March 7, Santa Fe, N.M. — “Show me your performing license and identification, please.”
“I need a license to play here?” I played dumb, as if I didn’t know that nearly every town and city in the country now requires citizens to run a bureaucratic gauntlet — and often pay a hefty registration fee — in order to obtain permission to exercise their First Amendment rights with an acoustic guitar and a street corner.
“That’s panhandling. I catch you again, I’ll throw you in jail.”
“Can I play without my case open? It’s not for the money, I’d really just like to make some music in the park here.”
“No. If we let you do it, then everyone will.”
Oh, the horror. Imagine the chaos and destruction that would result from weekly musical gatherings in a park where impromptu bands would provide free entertainment for anyone who wanted to listen. Surely the result would be the complete breakdown of law and order.
“There’s a Starbucks over there. Sometimes the owner lets people play out front. If he lets you, you can, because that’s private property.”
This is not fiction. The only place one can legally perform outside in Santa Fe is in front of a Starbucks, and then only if the owner of the Starbucks approves — and they have final veto power over what sort of music you can play, where you can stand and what instruments you can use.
“Thanks for your help, officer. I’ll just be on my way.”
Santa Fe is not the worst. Flagstaff, Ariz., has a law against standing in one place on the sidewalk for more than five minutes. These laws may seem nonsensical at first, but placed within the context of urban gentrification they gain a twisted and dystopian logic.
Since the beginning of urbanization, there has been a furious — and sometimes violent — battle for public space. The battle has been fought primarily between the elite, who seek to obtain public space for their own private interests and manufacture the appearance of public space for further levels of consumption, and the rest of the people, who naturally seek to use public space as a platform for social engagements.
The funny thing about these spaces is that their architecture is specifically designed to prevent social activities. Whereas once parks were graced with oak trees and grass that provided ample shade and sitting space, now they are hemmed in by unsittable wrought-iron fences and planted with primarily thorny shrubs that are specifically designed to prevent the homeless from taking shelter in the bushes.Park benches now have bars in the center to make them impossible to sleep on. The problem of urban homelessness has not been solved, but it has been pushed out of sight. The social interactions of the homeless and their allies that once occurred in public spaces has been forced out to make downtown areas more tourist-friendly and to cleanse urban areas of anything that might interfere with the daily workings of consumerist America.
Jeff Ferrell, professor of sociology at Southern Methodist University, writes, “The police state implied in all of this might be described, with a certain degree of irony, as postmodern — that is, a police state designed to dominate a world of image, meaning and perception.”

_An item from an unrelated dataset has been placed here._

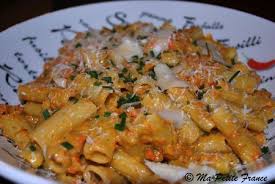 Rigatonis Aux Legumes Sauce Mascarpone Carottes Poivron Rouge Oignon Ail Champignons De Paris Mascarpone Parmesan Sauc Recettes De Cuisine Recette Plat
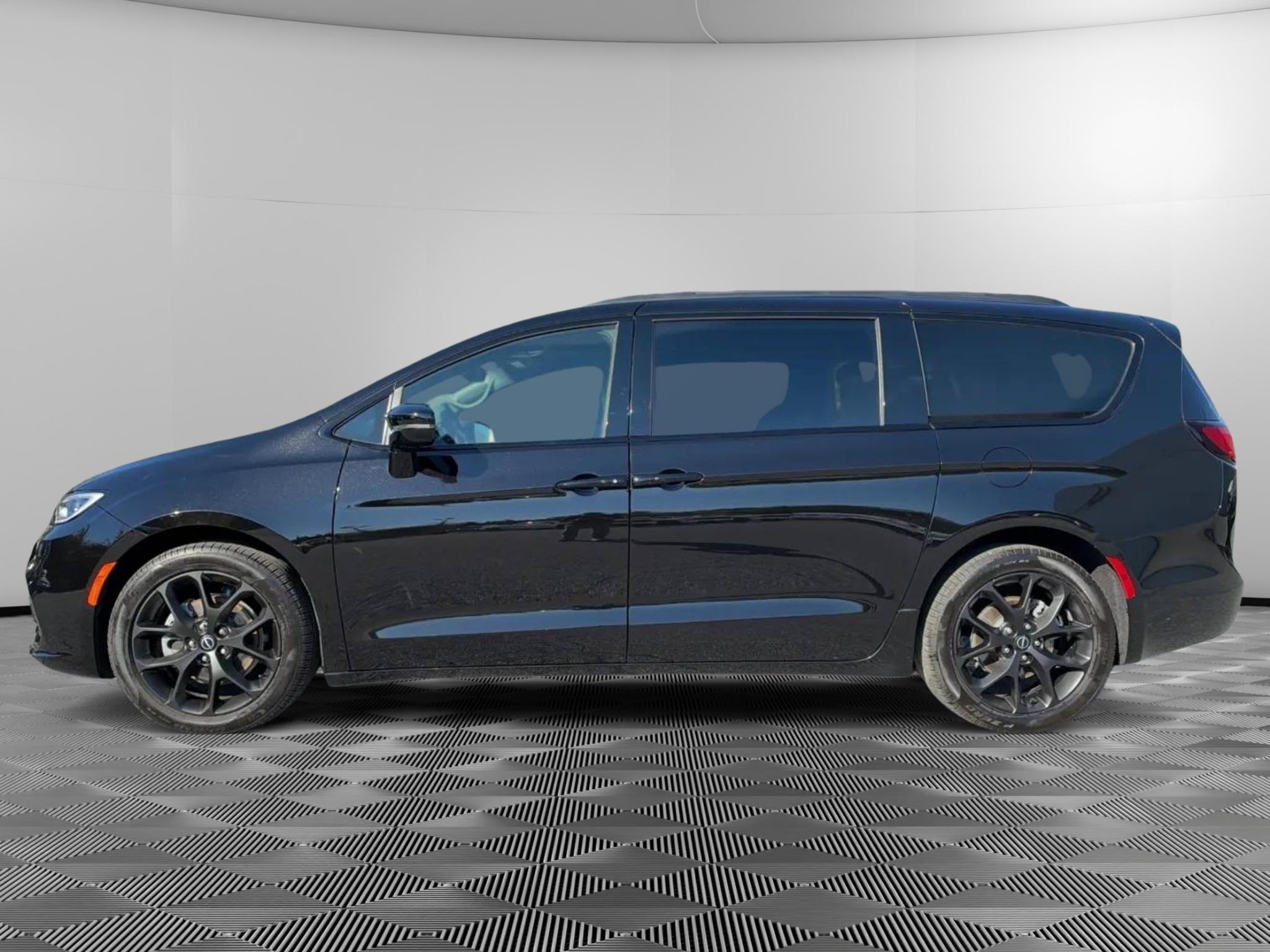 Used 2025 Chrysler Pacifica Limited FWD image 5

Throughout the history of resistance to authority, the primary battles have occurred over the control of public space. From the “Free Speech Fights” of the Industrial Workers of the World (the Wobblies) to the situationists in Paris to Martin Luther King and his marches, those seeking social change have started their struggle by attempting to reclaim the public spaces where social engagements could occur.
As our public space swiftly disappears into an urban consumer jungle, we must seek new and innovative ways to reclaim it as our own and create the social ties that make change possible.